No campo da saúde, faz sentido medir o valor económico do voluntariado? Na verdade, não sei. O que sei é que se deve estar atento ao assunto. Em termos de Organização, pode ser interessante abordar o assunto. Mas, como se repara, em saúde, os impactos mais evidentes do voluntariado, são muito mais ao nível do que (pelo menos no presente) não se afigura passível de ser medido do que ao contrário. No entanto não é uma coisa má, que as Organizações comecem a fazer o exercício do estabelecimento de objetivos mensuráveis de atuação, a procederem à sua monitorização e à produção de relatórios estatísticos. Isso até pode revelar-se interessante relativamente à valoração das relações e das parcerias com as Unidades de Saúde.

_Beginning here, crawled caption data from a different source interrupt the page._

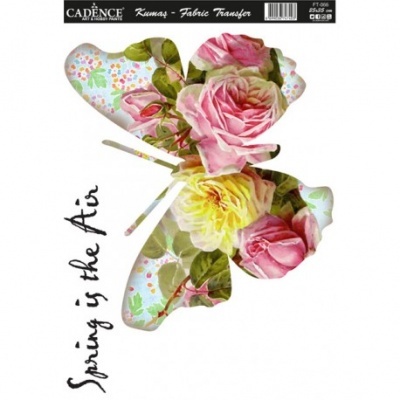 Transferência para tecido padrão borboleta com flores e texto 'Spring is the Air'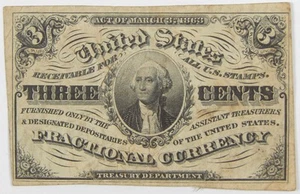 3c Fractional Note Third Issue F Fine Currency SKU:I17715 - Picture 1 of 2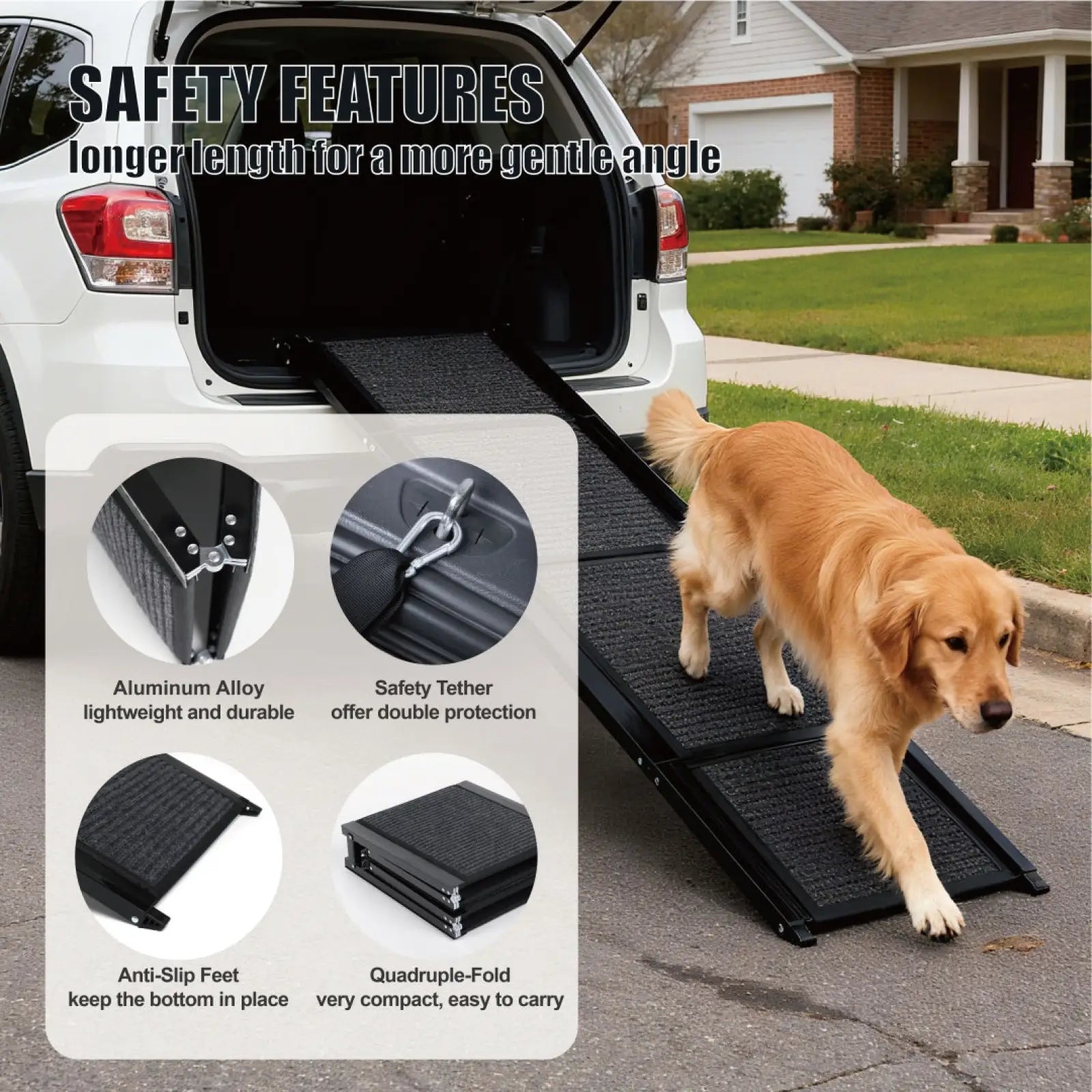 Black aluminum alloy dog car ramp with textured non-slip surface and safety tether supports up to 250lbs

Agora, o que pode ser nefasto no campo da saúde, é haver uma forte dedicação ao aspeto do valor económico do voluntariado descurando os demais impactos (e positivos por demais). Se assim vier um dia acontecer, certamente que valores com a solidariedade, a gratuidade, a disponibilidade; e outros que suportam concetualmente o voluntariado e lhe dão alma, poderão correr o risco de dar lugar ao individualismo, à corrida desenfreada na realização de objetivos, ao mercantilismo; e à perca do sentido de humanidade e do outro. Ora, um dos grandes objetivos do voluntariado no campo da saúde, é a humanização. E sem voluntariado, o contributo para a humanização, afigura-se incompleto. Esse grande contributo passa, não por discursos, mas pela ação diária, próxima e concreta dos voluntários nas Unidades de Saúde.
Qualquer que seja a direção que prossiga a discussão e a implementação do assunto “medição do valor económico do voluntariado”, é importante, e sem o desvalorizarmos, que pelo menos a Federação Nacional de Voluntariado em Saúde e as Organizações que a constituem, evidenciem e reclamem que mais que aquele, o que conta são as pessoas e o valor associado às pessoas e à humanização. No dia em que se pretender medir os sentimentos, as emoções e a dignidade da pessoa, esta perde a sua humanidade.
João António Pereira, presidente da Direção da Federação Nacional de Voluntariado em Saúde.
Porto, 3 de julho de 2016


[i] In.: - Voluntariado em Portugal, contextos, atores e práticas, Fundação Eugénio de Almeida, Évora, s/data.